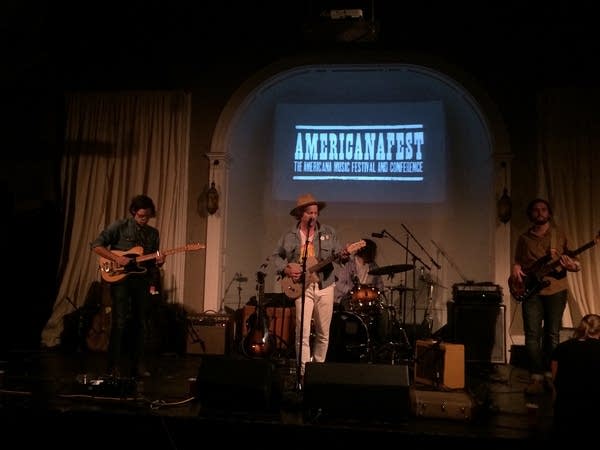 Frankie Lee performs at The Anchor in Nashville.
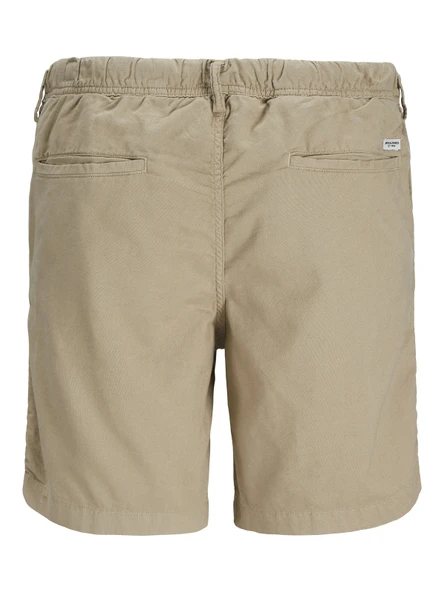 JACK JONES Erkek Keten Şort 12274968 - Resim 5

==========

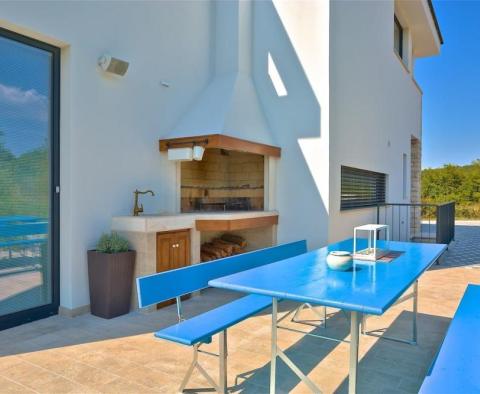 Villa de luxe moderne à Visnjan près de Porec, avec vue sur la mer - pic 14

==========

■ Your task ■
Above are some records. Output exactly the lines from the one that contains "Frankie Lee performs" to the one that contains "JACK JONES Erkek", keeping both, and omit the pictures.

■ Solution to this task ■
 Frankie Lee performs at The Anchor in Nashville.
 JACK JONES Erkek Keten Şort 12274968 - Resim 5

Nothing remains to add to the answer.